• What to do: Copying rule for the data below: take the line containing "Nové Originálne Lenovo" and every line after it to the end, exactly, and drop all pictures.

• Collected data:
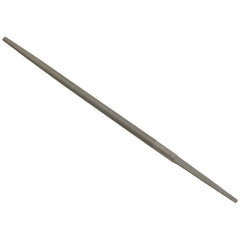 Stromberg Round File Smooth Cut - 10\"
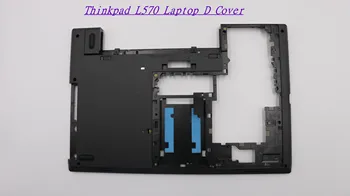 Nové Originálne Lenovo Thinkpad L570 Notebook Base Kryt Spodnej Prípade malých písmen D Kryt Čierny FRU:01ER360 Obrázok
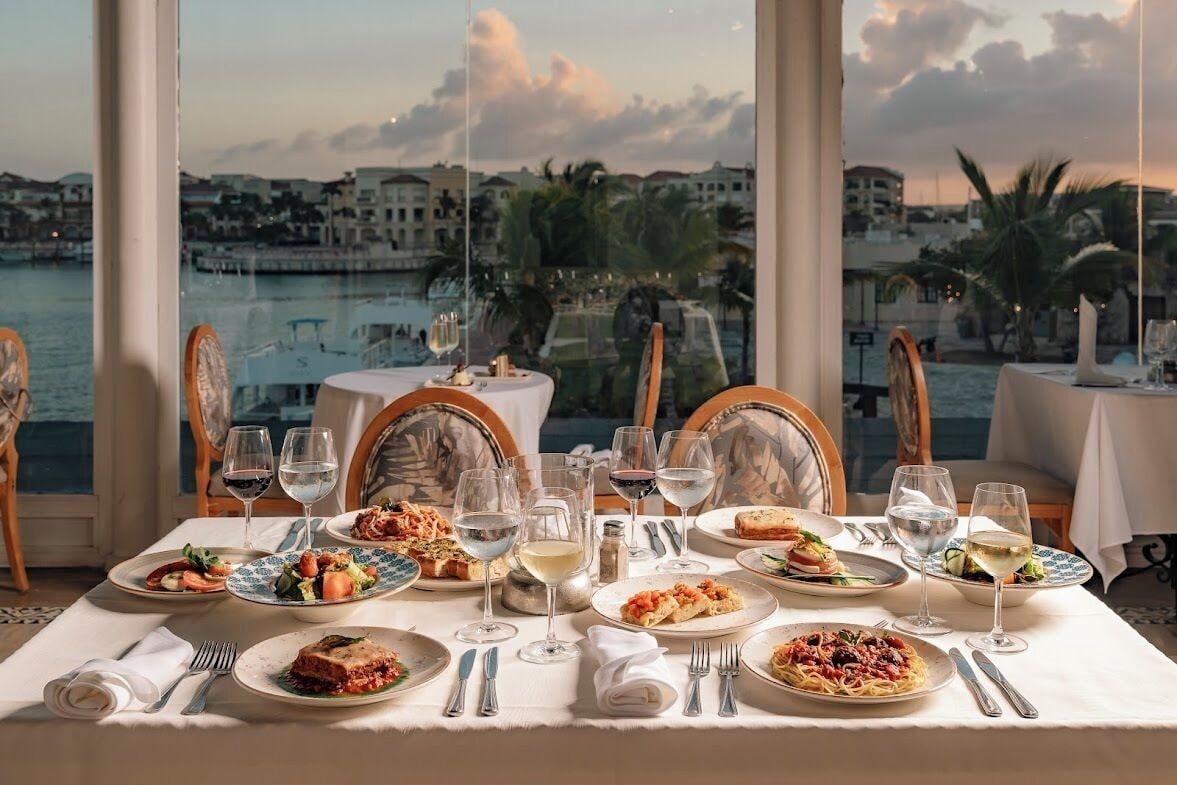 Restaurant All-Inclusive Villas Cap Cana Marina – Punta Cana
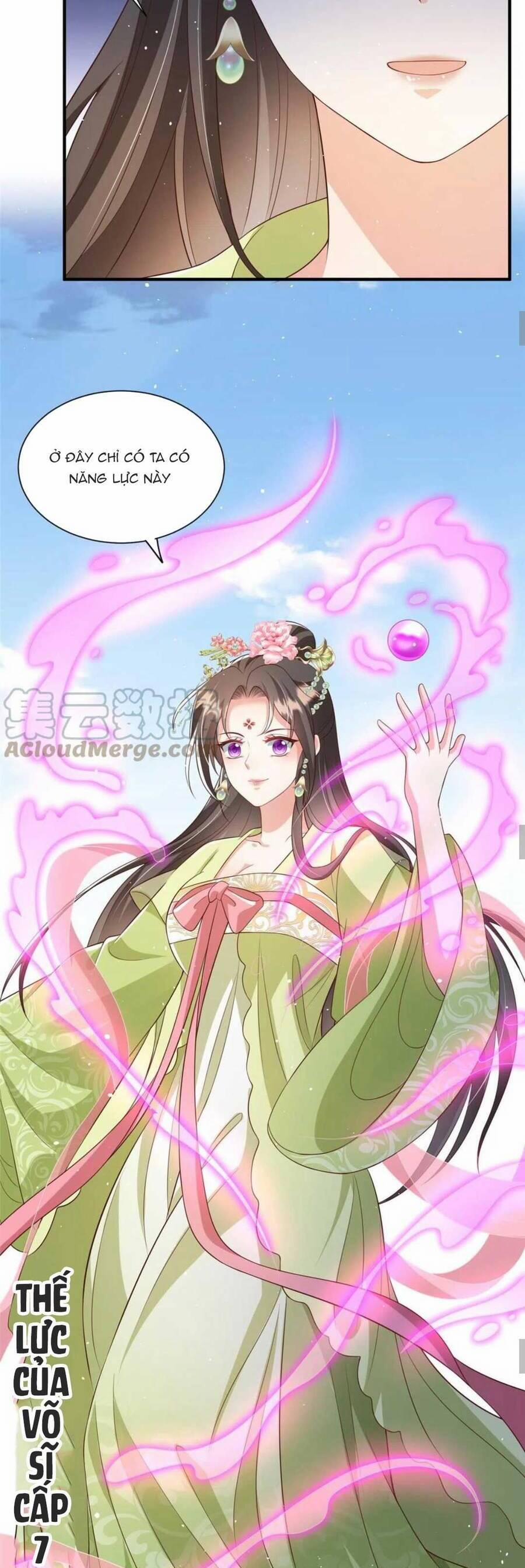 Trùng Sinh Sống Lại ! Các Hoàng Tử Ai Cũng Muốn Cưới Ta ! 64 trang 12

• Task solution:
 Nové Originálne Lenovo Thinkpad L570 Notebook Base Kryt Spodnej Prípade malých písmen D Kryt Čierny FRU:01ER360 Obrázok
 Restaurant All-Inclusive Villas Cap Cana Marina – Punta Cana
 Trùng Sinh Sống Lại ! Các Hoàng Tử Ai Cũng Muốn Cưới Ta ! 64 trang 12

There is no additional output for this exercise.